И мать по имени Мария, которой он не помнил, не мог помнить, потеряв ее в полтора года, но он считал, что помнил ее иначе: как свет и средоточие счастья. Она была собрание всех возможных совершенств, кроме одного - внешней красоты ей не было дано, что в полной мере искупалось красотой внутренней, духовной и душевной.

Про мать ему рассказали тетушки; он верил им безусловно. Неудивительно, что Левушка с младых ногтей задумывается о своем христоподобии. Гонит от себя эту мысль или вдруг, когда являются подсказки, опять к ней приникает. И никогда не отпускает от себя мысли о возможности чуда. Самим собой произведенного, рукодельного, "левушкиного".

*

Понемногу начинает собираться некое подобие целого: круг толстовских праздников величиной в год. Самое время: в конце сентября, самого левушкина месяца.

Москва сама к этому моменту собирает себя единой округлою фигурой. Праздничный год ее также близится к завершению (к переходу в праздность, см. Казанский спуск ). На этом фоне встречаются все толстовсие сюжеты; они были разбросаны по сезонам, точно фокусы звезд в округлой чаше небосвода. Теперь необходимо проследить их связь.
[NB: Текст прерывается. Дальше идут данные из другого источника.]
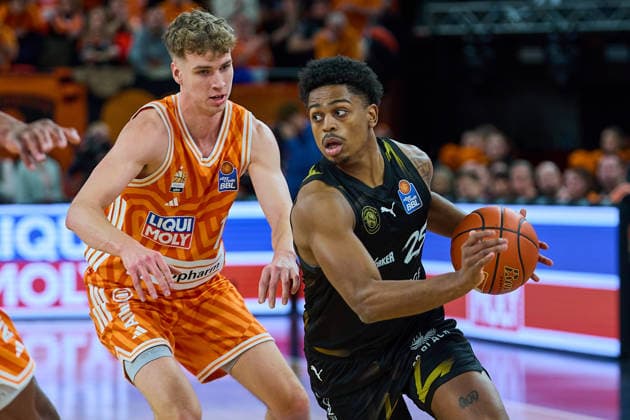 Tobias Jensen (ratiopharm ulm, 07), Grant Sherfield (Basketball Loewen Braunschweig, 25) GER, ratiopharm ulm vs. Basketball Loewen Braunschweig, Basketball, 15. Spieltag, EasyCredit Bundesliga, Spielzeit 2025 2026, 10.01.2026 GER, ratiopharm ulm vs. Basketball Loewen Braunschweig, Basketball, 15. Spieltag, EasyCredit Bundesliga, Spielzeit 2025 2026, 10.01.2026 Neu-Ulm Copyright: xEibner-Pressefoto GeraldxOelze-dexStoppanyx EP_ODS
Мы начали с того, что встреча Москвы и Толстого в конце сентября 1839 года была "организованным" судьбой чудом. Тогда на Волхонке (фамильной земле ТолстыхВолконских) началось синхронное строительное действие: возведение собора и романа.

Теперь, после рассмотрения генеалогического рисунка толстовского рода, большого "волконского" календаря, после разбора никольской сказки (см. главу четвертую, Никольщина ) становится понятно, насколько глубоко было прочувствовано и продумано рукотворное чудо Левушки.

Строится собор во имя Христа Спасителя - это уже не подсказка, но прямое указание на ключевой сюжет романа: спасение Москвы (и Левушки) от небытия, от смерти. Отворение Нового (московского) Завета, нового календаря.

Толстой начинает писать книгу, тайной целью которой становится спасение во времени. Он начинает сбор, фокусировку времени вокруг нового центра, в котором, в пересечении осей времени, как в центре паутины, должен поместиться новый человек. Он, Левушка.

Паутина любви: характерное выражение Толстого.

Эта паутина любви, духовных и душевных связей - времени, не пространства - и есть Москва. Толстой начинает писать московскую книгу, где по высшему, Христову образцу он пропишет историю своего рода - всю правду о нем, о чистых и нечистых, законных и незаконных. И эта правда обернется чудом, выйдет фокус из фокусов, которым он заставит прежнюю Москву переродиться в новую.

В сентябре, на Рождество Богородицы.